We also intend to support the Data Space Transfer Protocol (DSTP) from the National Center for Data Mining. This protocol provides a general mechanism for the distribution, inquiry, and retrieval of data columns for the purpose of a correlation study. The protocol is so designed that data columns from different servers can be joined based on specific Universal Correlation Keys (UCKs). The role of UCKs in DSTP can be considered analogous to that of a primary key attribute in a database. Because UCKs and primary keys are unique in DSTP and databases respectively, a join can be performed on either. The various commands and the associated responses in a DSTP server are similar to the ones in NNTP. The DSTP server uses a stream connection and SMTP-like commands and responses. It is designed to accept connections from hosts and to provide a simple interface to the data columns on the server. The server only serves as an interface between the programs and the data.
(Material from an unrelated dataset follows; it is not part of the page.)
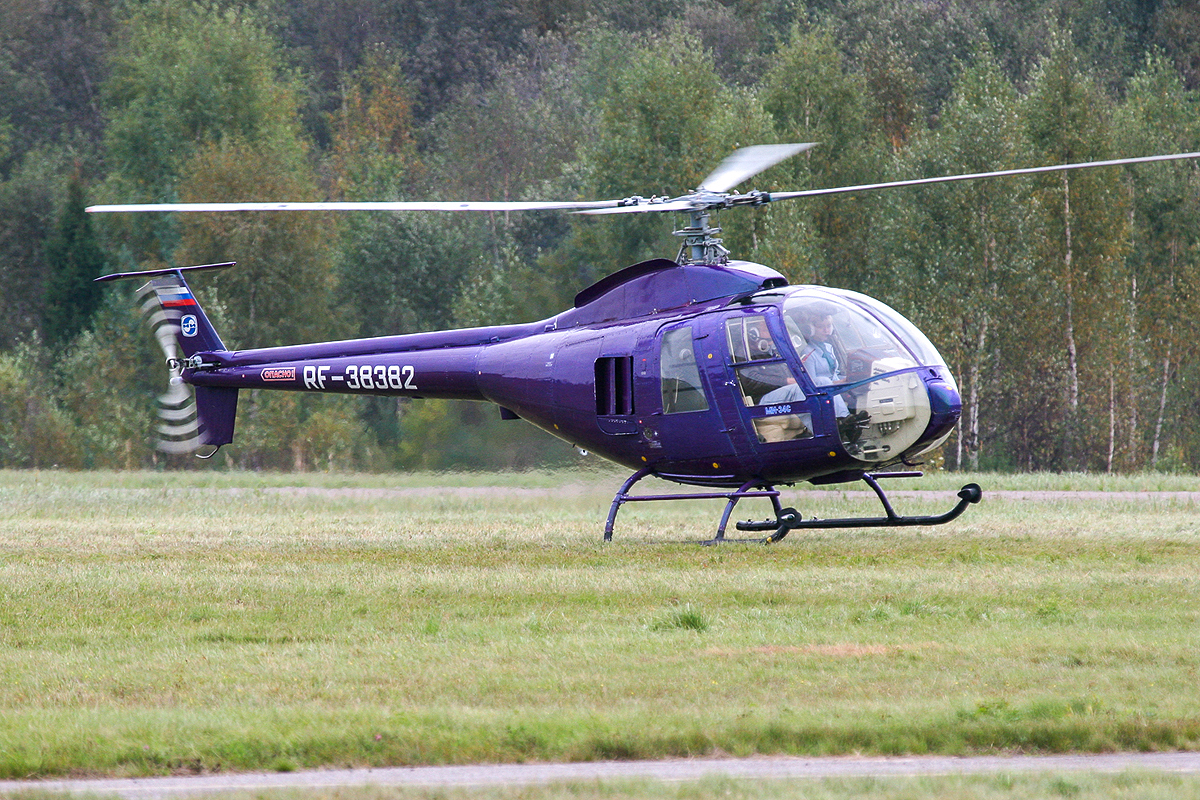 Mi-34S   RF-38382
5.3.4 Database Connectivity with ODBC/JDBC

Using database technology (ODBC/JDBC) and web-servers (HTTP) for connecting to data sources allows commercial database technology into the picture, providing ways to index and cache large tables, ways to make such tables through joining other tables, and many other such data-intensive operations. Also available now is web-based access to the data, as well as paper reports -- perhaps of the outliers that have been found. The web technology allows us to deliver data (in the XML format), and to retrieve data directly from web-based services using XSIL that being established for the LIGO and Digital Sky archives.

5.3.5 Other File Formats

We will also support other file formats for both input and output, depending on demand from application scientists. We are considering HDF and netCDF, as well as Microsoft Excel.

5.4 Data Mining Software

In connecting to data-mining software, we shall begin by connecting RAVE to

· The LIGO data archive,

· The 2MASS and DPOSS all Sky surveys at Caltech,

· The Machine-Learning group at the Jet Propulsion Lab (Dr. Paul Stolorz),

· The Center for Image Processing and Integrated Computing at the University of California, Davis (Dr. David Rocke and Dr. Jian Dai).
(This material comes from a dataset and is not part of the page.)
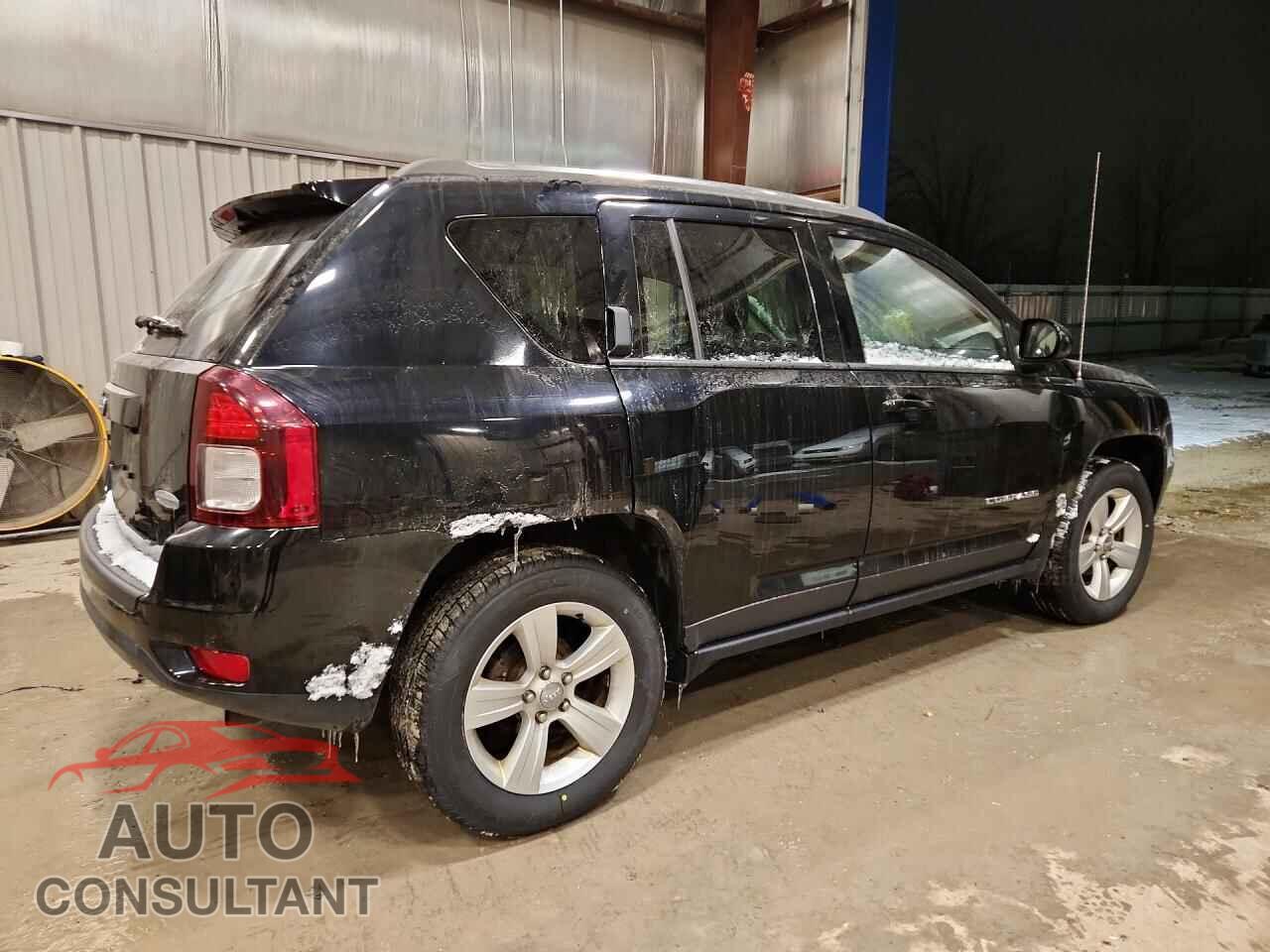 JEEP COMPASS 2015 - 1C4NJDEBXFD136061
We will negotiate the file formats for the data, and also some of the metadata transfer issues. Clustering software fits a model to data, and determines how each point of the input relates to that model. The software performs best when it can refine the model from a guess, perhaps the number of clusters that is expected, or which columns of the table might be more relevant than others. In a supervised classification, the user works closely with the machine to refine a model.

Inputs to the clustering code may include model information -- number of clusters, centers of clusters, directions of principle components, and so on; also some information about each column and whether it will play a part in the clustering. The output of the clustering run may produce a cluster label on each point -- presumably in the Decision attribute of the record -- or it may give a vector of probabilities that the point is in each of the clusters. The output table from the software must of course retain the ID attribute for each record, so that eventual report of the interesting records can be compared to the original data source.

Other XML formats are proposed for tables, including one from the astronomical community in Europe. We intend to ingest this directly into RAVE, using appropriate XML software to convert between formats. Another way to provide input would be a fill-in form at a web page that asks for metadata details and returns the equivalent XML description.

6 Visualization

Visualization enables scientists to see and explore their data, while gaining insight that would be difficult to infer from the numbers alone. RAVE will offer such capabilities by converting records into graphics. Traditionally we use one or two fields from the data and display the results as scatterplots or histograms. Other columns of the data table can be assigned to color attributes for each point in the visualization, either in a one-dimensional sense (a colormap), or with full two or three dimensional color. The color space need not be red, green, and blue, but we could express some kind of importance attribute of the record with brightness, and a periodic attribute (phase) using hue.

However there are further ways in which more fields may be displayed simultaneously. Three of the columns of the table can be used as a spatial location in the 3D visualization space or a 3D histogram, available through the clumping mechanism. We can also display all coordinates using parallel coordinates [Ise1], or newer variations of it such as hierarchical parallel coordinates [Fua].

Further attributes can be visualized as well through the use of glyphs. If points are rendered as spheres we can show importance or certainty with the size of its radius. For example, in analyzing candidate events from a pattern-matcher (e.g. LIGO events), the signal-to-noise ratio could be expressed by size, so that important events stand out well. If we were to use ellipsoids, we can then vary radii and orientation to express even further information (such as normalized tensor fields [Laid].)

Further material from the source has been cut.